**Information supplied:**
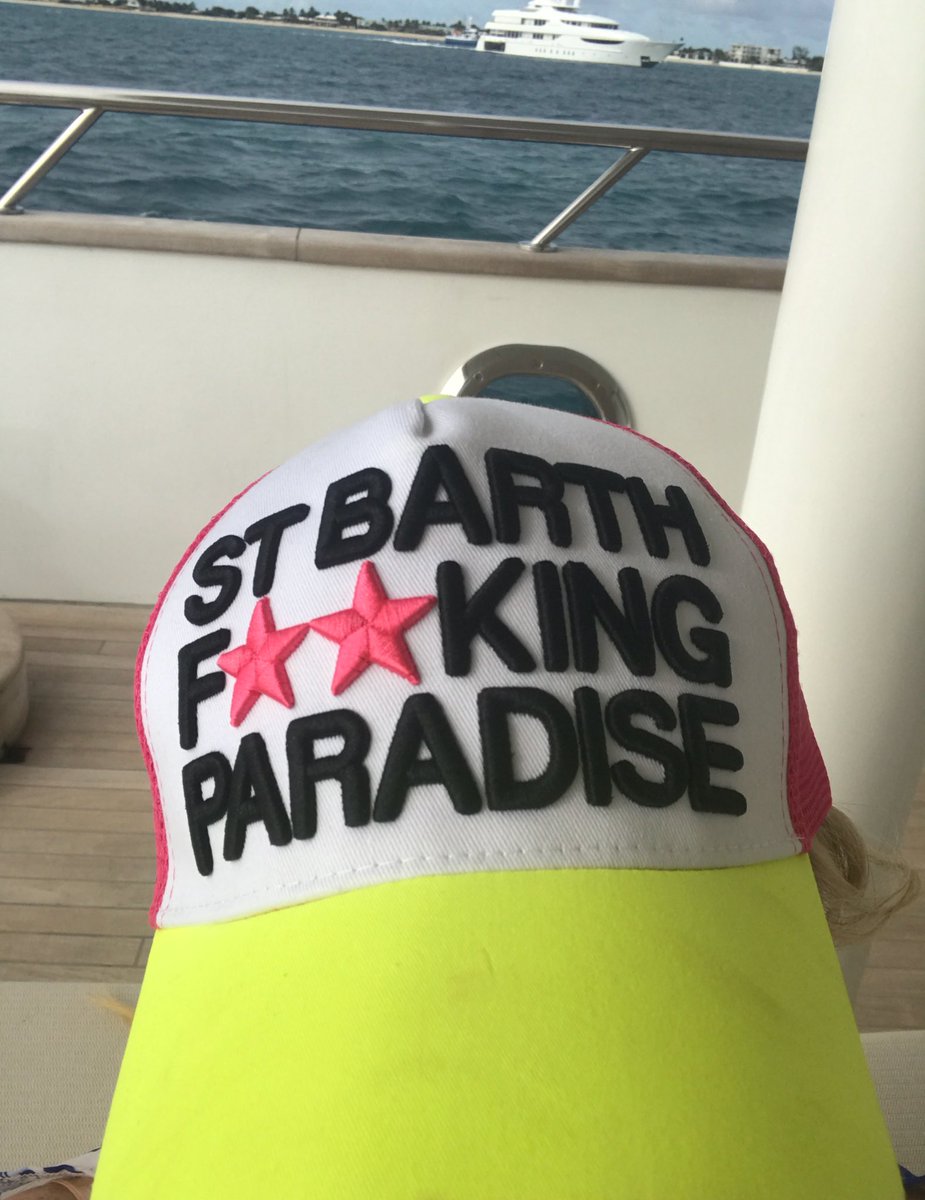 Jellajane's tweet photo. St barths 🛥 https://t.co/oB5jgj7NJF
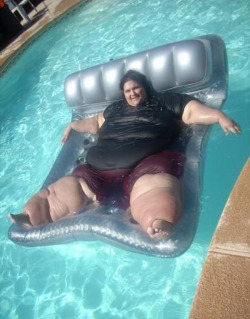 dissident-feedee:  She looks more inflated than the air-bed.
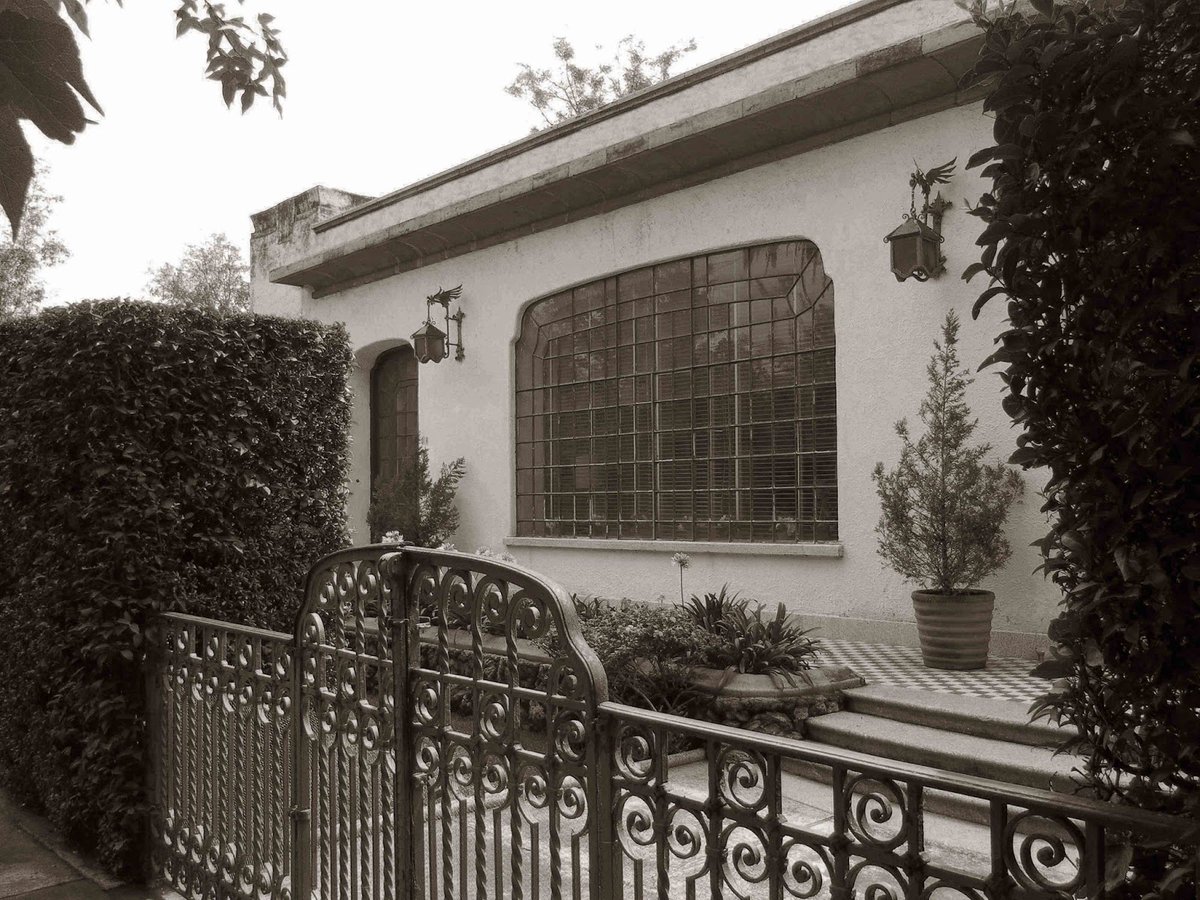 Además del Palacio de Bellas Artes, Adamo Boari proyectó otros edificios en México. Hoy una casa que diseñó, construida en la avenida Explanada 318, Lomas de Chapultepec, está en riesgo de ser demolida. | ow.ly/4vYe50B31Q1
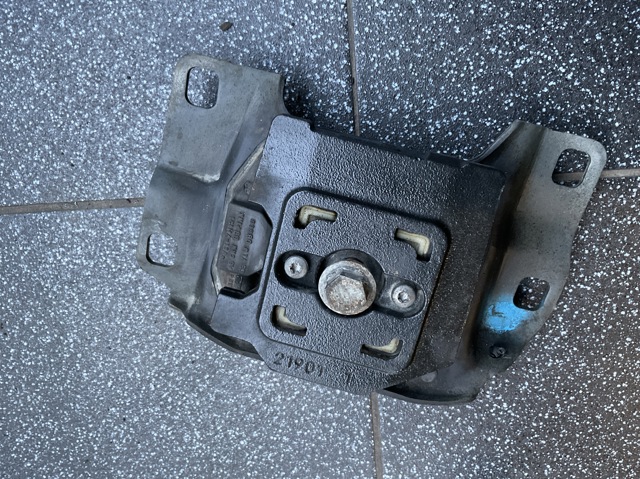 FORD AV617M121 в наличии Днепр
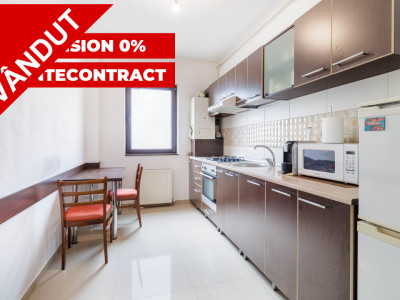 Apartament 2 camere, decomandat, parter înalt – cu curte, balcon și acces auto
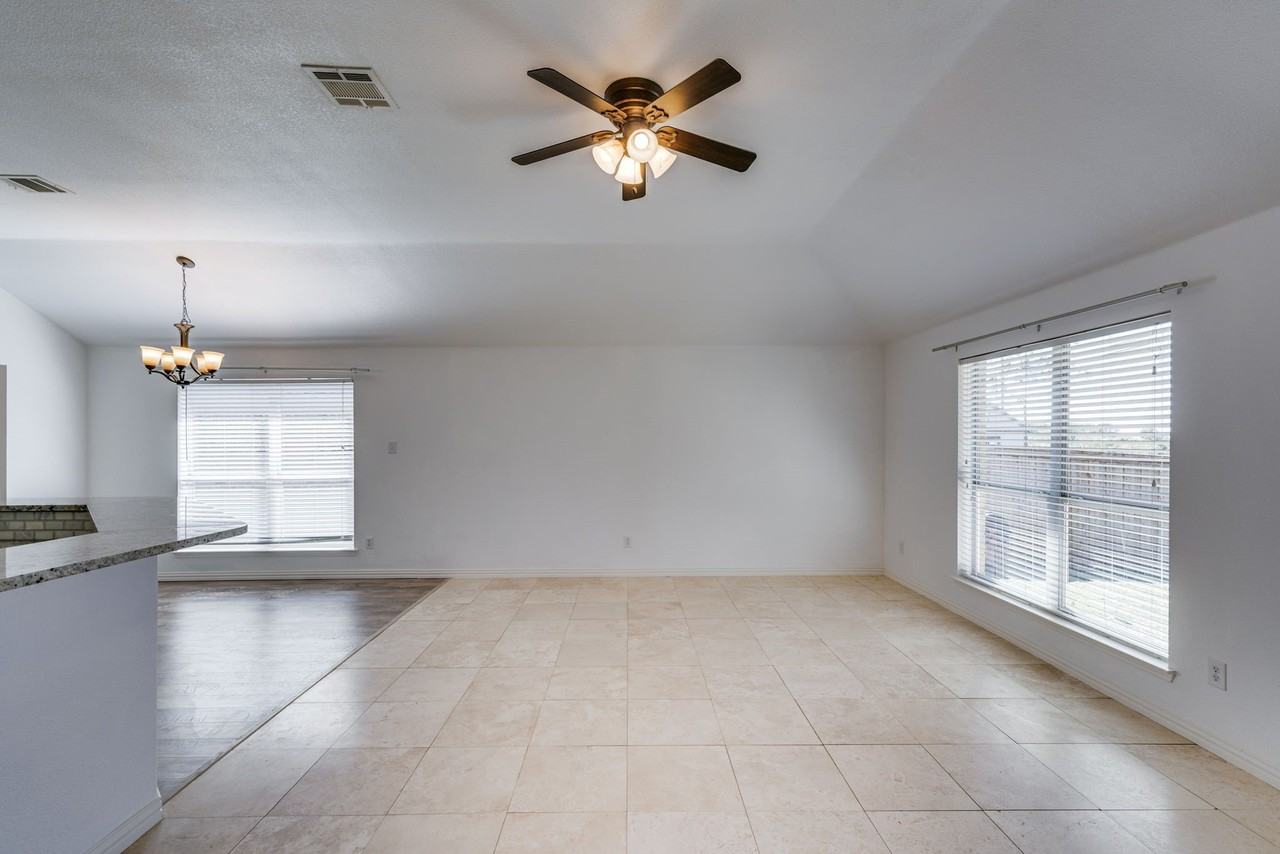 102 Canyon Ct - Photo 7 of 40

**Problem:**
Set down the entries above again exactly, minus any image.

**Exercise output:**
 Jellajane's tweet photo. St barths 🛥 https://t.co/oB5jgj7NJF
 dissident-feedee:  She looks more inflated than the air-bed.
 Además del Palacio de Bellas Artes, Adamo Boari proyectó otros edificios en México. Hoy una casa que diseñó, construida en la avenida Explanada 318, Lomas de Chapultepec, está en riesgo de ser demolida. | ow.ly/4vYe50B31Q1
 FORD AV617M121 в наличии Днепр
 Apartament 2 camere, decomandat, parter înalt – cu curte, balcon și acces auto
 102 Canyon Ct - Photo 7 of 40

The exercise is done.